The objective of the Ending the HIV Epidemic: A Plan for America (EHE) is to reduce new Human Immunodeficiency Virus (HIV) infections in the United States by 75% in five years and by 90% by 2030.

A critical component of the EHE initiative involves early diagnosis of HIV infection, along with prevention of new transmissions (including use of pre-exposure prophylaxis preventive treatment [PrEP]); treatment of infections; and public health response to outbreaks in geographic hotspots with disproportionate numbers of new HIV infections.

NIMHD supports applications for research projects that examine innovative approaches to prevent, test, and treat HIV among populations or subgroups experiencing health disparities* and within primary care settings located in these hotspots.

Primary health care settings are important venues for HIV testing in the U.S. Patients seen in primary care settings could benefit from having established care with rapid transition into treatment for those who test HIV positive, or prevention services for those who test negative and are at risk.

In many cases, primary care clinicians effectively treat and manage persons living with HIV (PLWH) to initiate antiretroviral therapy (ART) and to promote ART adherence. Better strategies are needed to promote ART initiation and adherence in PLWH, and primary care clinicians are in a unique position to offer these innovative approaches.

NIMHD will support projects that evaluate comprehensive strategies addressing a range of prevention, care, and treatment barriers across one or more phases of the HIV treatment cascade (i.e., diagnosis, linkage to care, initiation of PrEP, adequate ART to achieve viral suppression, engagement in care, retention in care, and achievement of viral suppression).
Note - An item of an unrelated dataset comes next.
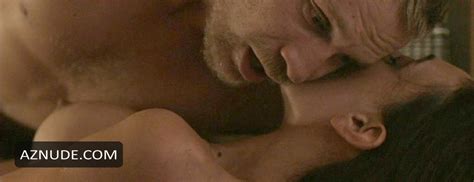 White Elephant Nude Scenes Aznude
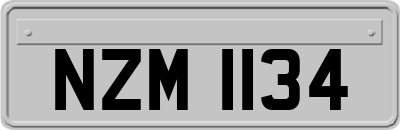 NZM1134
Projects that test multi-level interventions that evaluate multi-level approaches at the patient, clinician, peer/family, setting, and community level to address social determinants of health are strongly encouraged (see NIMHD research framework for examples of determinants at different levels of influence).
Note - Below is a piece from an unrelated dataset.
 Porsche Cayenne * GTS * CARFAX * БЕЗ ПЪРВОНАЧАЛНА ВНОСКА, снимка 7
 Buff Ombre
It is strongly encouraged that leadership and/or clinicians and other personnel within the primary care setting(s) be involved as research partners. Study designs may involve intervention effectiveness, comparative effectiveness, success of intervention implementation strategies, or optimization of multi-component interventions. Trials that examine both clinical and behavioral outcomes as well as implementation processes and outcomes are strongly encouraged.
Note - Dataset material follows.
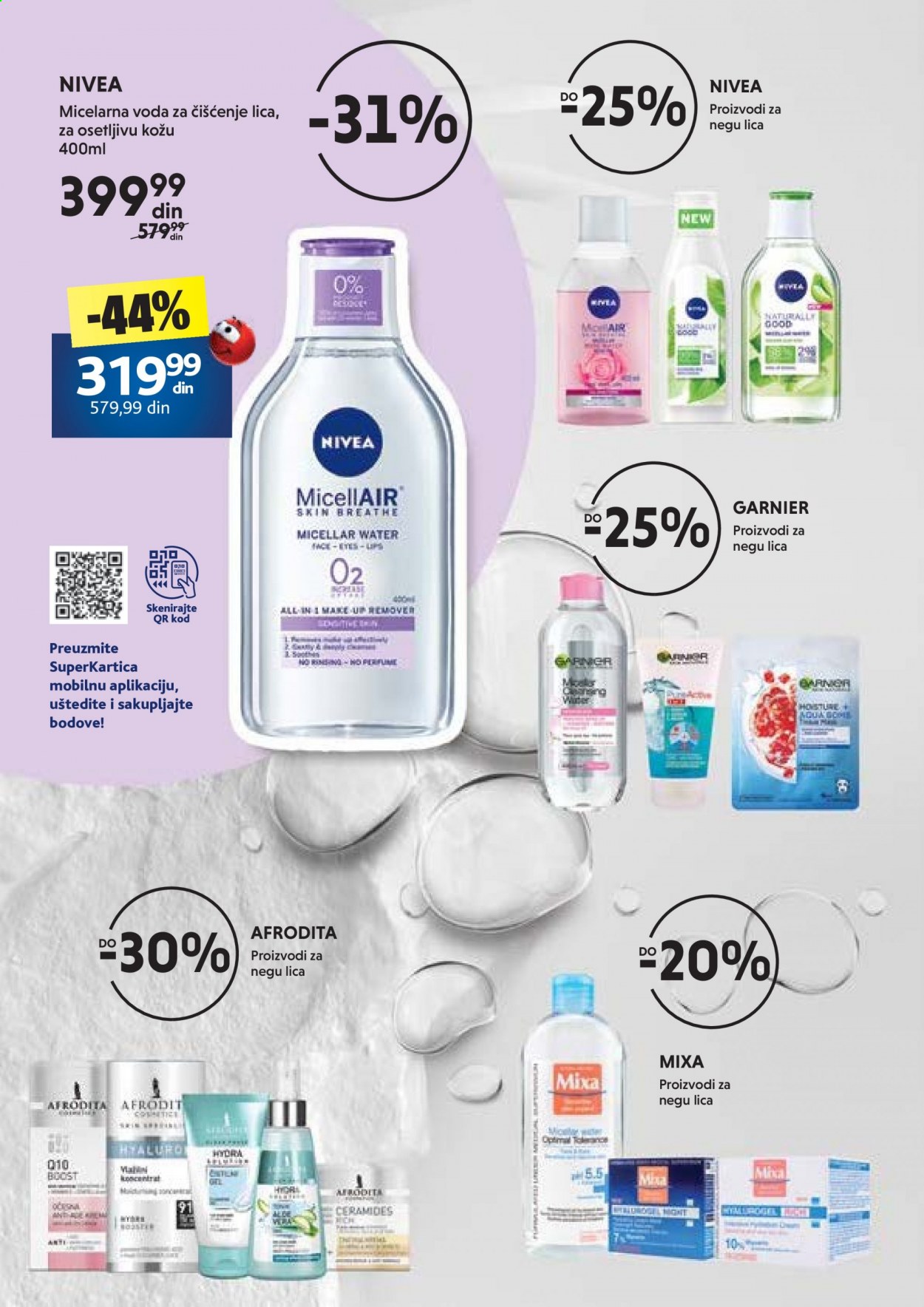 Idea katalog - 28.06.2021 - 25.07.2021. Stranica 10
See the FOA for a complete list of research areas of interest.

*Applications must focus on one or more NIH-designated U.S. populations experiencing health disparities, which include Blacks/African Americans, Hispanics/Latinos, American Indians/Alaska Natives, Asian Americans, Native Hawaiians and other Pacific Islanders, socioeconomically disadvantaged populations, underserved rural populations, and sexual and gender minorities.

Priority populations for this research include men who have sex with men (MSM), transwomen of color, and youth and young adults ages 13-24—though ages 13-44 are targeted—who are African American or Latino, as these populations have the highest risk for acquiring new HIV infections.

In addition to Black and Latino MSM and transgender women, other populations experiencing health disparities of interest include non-Latino White MSM, cisgender Black or Latina women, and rural residents who inject drugs.